If you also take into account the product life cycle, the price point will soon be lower and I wouldn't be surprised to find iPhones at a retail price of 49€ in the coming months (of course you can have them for free but usually for high end voice/data packages). The sur-subsidy was really interesting in the context of an exclusive distribution agreement. Looking at Orange France, they managed to attract the most valuable customers before the regulation authorities imposed a non-exclusive agreement that opened the door for SFR and Bouygues. It is less interesting now to say the least. Operators are thus bound to find the right balance between answering consumer demand and challenging Apple's growing power by promoting alternatives such as...Android.
New device makers (ACER, ZTE, Huawei and many unknown Chinese sub-contractors) have bold ambitions and want to enter a volume war. To do so, they are likely to rely on the cheapest OS that is also following a volume play to monetize its mobile audiences...Android/Google.
I wouldn't be surprised to see iPhone-like devices for half or even a third of Apple's wholesale price. Of course, the brand won't be there but this might be a game-changer in the years to come.
Bear with me one second. I am not saying Apple's iPhone won't continue to overperfom the market, gain significant market share, expand in China and be profitable. The iPhone is probably the best thing that happened to the mobile services' industry. There's little doubt that the iPhone has acted as a powerful catalyst for mobile services adoption. The list of brands that have launched iPhone applications is comprehensive and covers many different industries. Apps can offer a truly rich media experience that matches brands' quality standards and can interact with higher-end consumers that are more likely to buy their services. However, iPhones are not necessarily a panacea:
iPhone users offer growing but still limited reach in Europe.
Brands will soon realize that they need more metrics to engage with iPhone consumers. Detailed analytics are critical and the industry will move away from reporting uniquely a number of downloads.
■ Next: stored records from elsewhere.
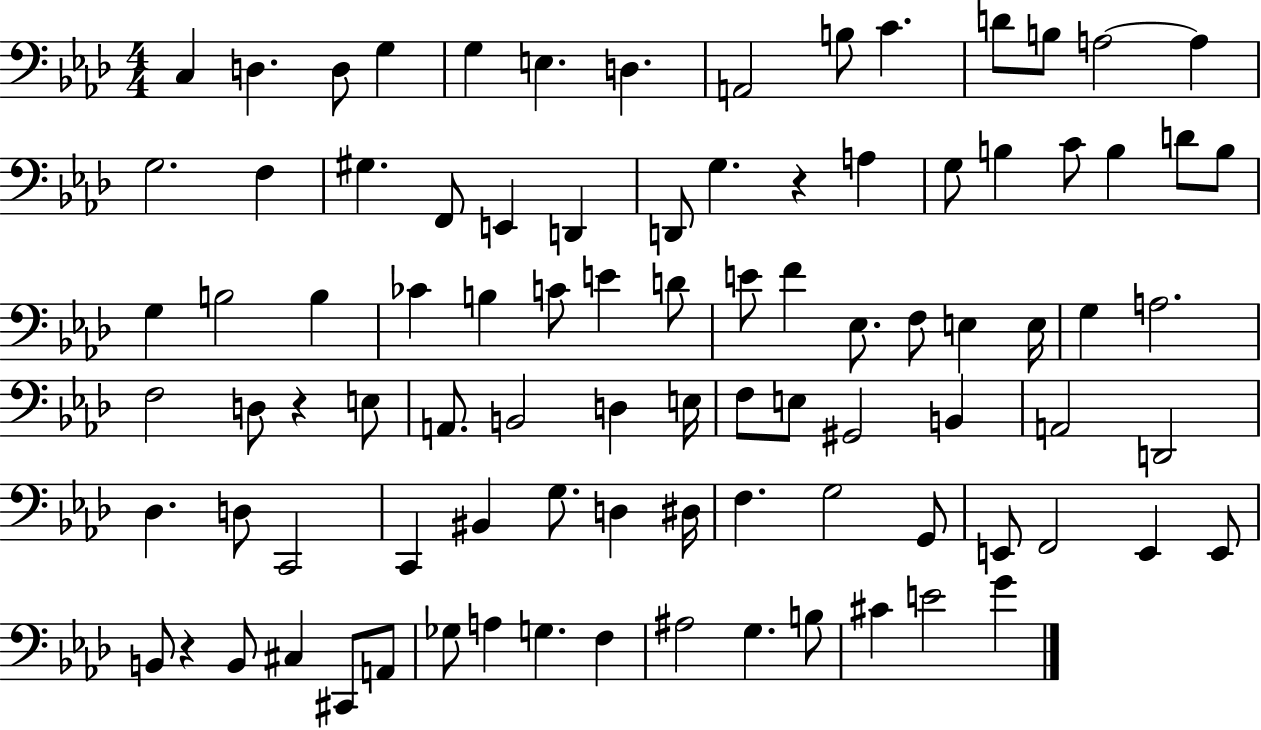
{
  \clef bass
  \numericTimeSignature
  \time 4/4
  \key aes \major
  c4 d4. d8 g4 | g4 e4. d4. | a,2 b8 c'4. | d'8 b8 a2~~ a4 | \break g2. f4 | gis4. f,8 e,4 d,4 | d,8 g4. r4 a4 | g8 b4 c'8 b4 d'8 b8 | \break g4 b2 b4 | ces'4 b4 c'8 e'4 d'8 | e'8 f'4 ees8. f8 e4 e16 | g4 a2. | \break f2 d8 r4 e8 | a,8. b,2 d4 e16 | f8 e8 gis,2 b,4 | a,2 d,2 | \break des4. d8 c,2 | c,4 bis,4 g8. d4 dis16 | f4. g2 g,8 | e,8 f,2 e,4 e,8 | \break b,8 r4 b,8 cis4 cis,8 a,8 | ges8 a4 g4. f4 | ais2 g4. b8 | cis'4 e'2 g'4 | \break \bar "|."
}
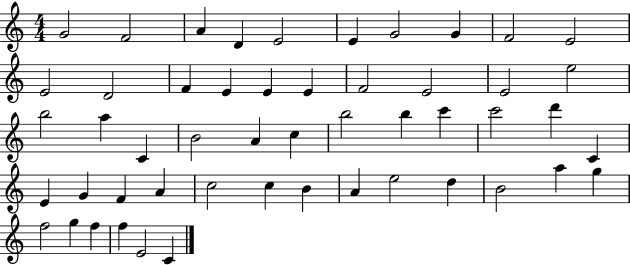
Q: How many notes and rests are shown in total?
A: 51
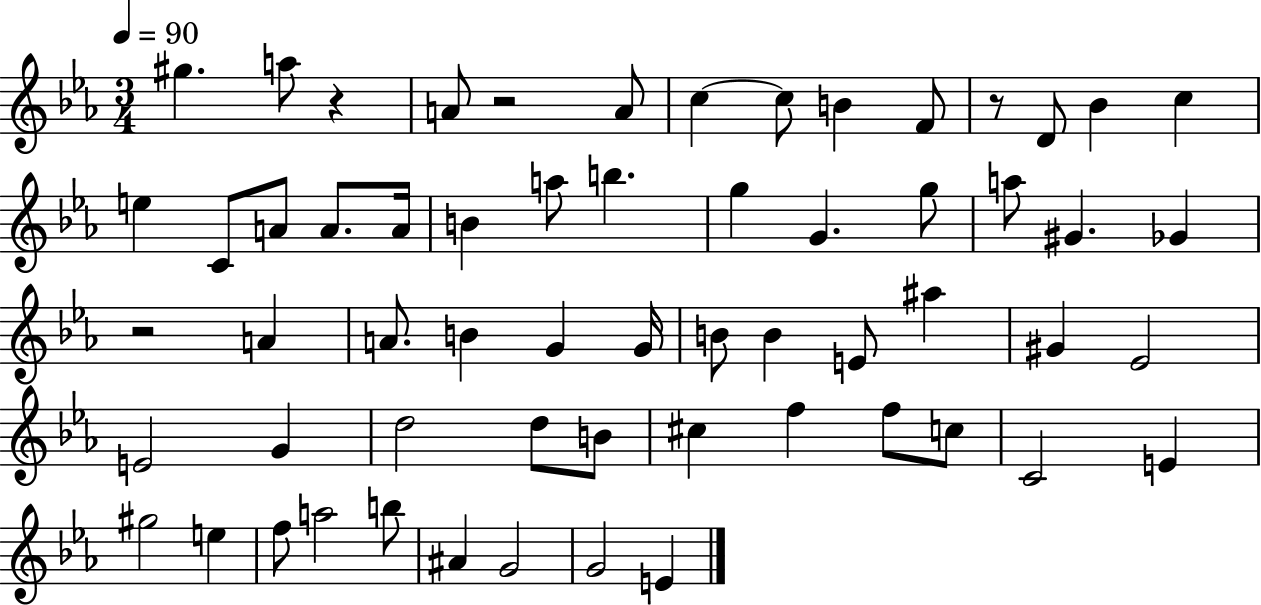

What brand should care about is frequency of use and profile of (potential) users.
Basic commercial rules will apply in the Apple App Store just as in any retail environment. Few applications manage to be really viral and appear in the top 20 apps that drive audiences and revenues; most of them are lost in the back catalog of more than 85,000 applications. To fully promote an application and make the most of the iPhone audience, brands will have to integrate mobile with their digital and offline communication plans and use basic merchandizing tools and promotions.
Other distribution routes will open up for applications. Replicating Apple's success is not an easy task, but most mobile stakeholders are strengthening their alternative retail stores.
Also, there is life beyond applications:
The consumer benefits of mobile applications will diminish over time. The real benefits to consumers of applications are their provision of a richer user experience and the fact that they make the most of the core characteristics of different OSes and handsets, such as cameras and GPS chipsets. If your services do not specifically require these elements, an optimized mobile Web site can deliver benefits just as well. In addition, browser solutions will improve in the coming years and will be better integrated with OS and handset capabilities. For example, they will offer the ability to enter geo-localized information into the browser itself. Html 5, Skyfire and Google Gears are good technology examples of this trend. In addition, mobile websites (call them Webapps if you wish) increasingly support Ajax and Flash (as per Adobe's recent announcement).
Mobile Web sites offer wider reach and are less costly to develop. Mobile Internet penetration currently stands at 13% in Western Europe. Growing penetration will increasingly offer direct-to-consumer opportunities. Applications and browser-based solutions are — and will continue to be — complementary rather than competitive.
SMS offers the only mainstream way to reach consumers.
Many other technologies exist beyond the mobile Web and SMS
Technologies evolve quicker than one could expect. That's the reason why brands should start thinking about analyzing the profile of their customers first, define their objectives and strategy and then only decide which technologies to implement.
Search Forrester's Blogs
The dynamics that will shape the future in the age of the customer »
Planning for innovation and risk in the wake of Brexit »
Forrester's CX Index
Predict how actions to improve CX will affect revenue performance.
Measure the customer experiences that matter most »
- Brandon Verblow (1)
- Brigitte Majewski (1)
- Carlton Doty (6)
- Cliff Condon (5)
- David Truog (2)
- Emily Collins (1)
- Erna Alfred Liousas (11)
- Fatemeh Khatibloo (1)
- James McQuivey (1)
- Jennifer Wise (10)
- Jessica Liu (8)
- Jim Nail (31)
- Joe Stanhope (1)
- Laura Ramos (64)
- Lori Wizdo (1)
- Luca Paderni (11)
- Melissa Parrish (50)
- Michael Barnes (1)
- Peter O'Neill (3)
- Rebecca McAdams (3)
- Richard Joyce (4)
- Rob Brosnan (1)
- Rusty Warner (2)
- Ryan Skinner (40)
- Samantha Merlivat (3)
- Samantha Ngo (2)
- Sarah Sikowitz (6)
- Shar VanBoskirk (117)
- Susan Bidel (6)
- Thomas Husson (139)
- Tina Moffett (6)
- Xiaofeng Wang (39)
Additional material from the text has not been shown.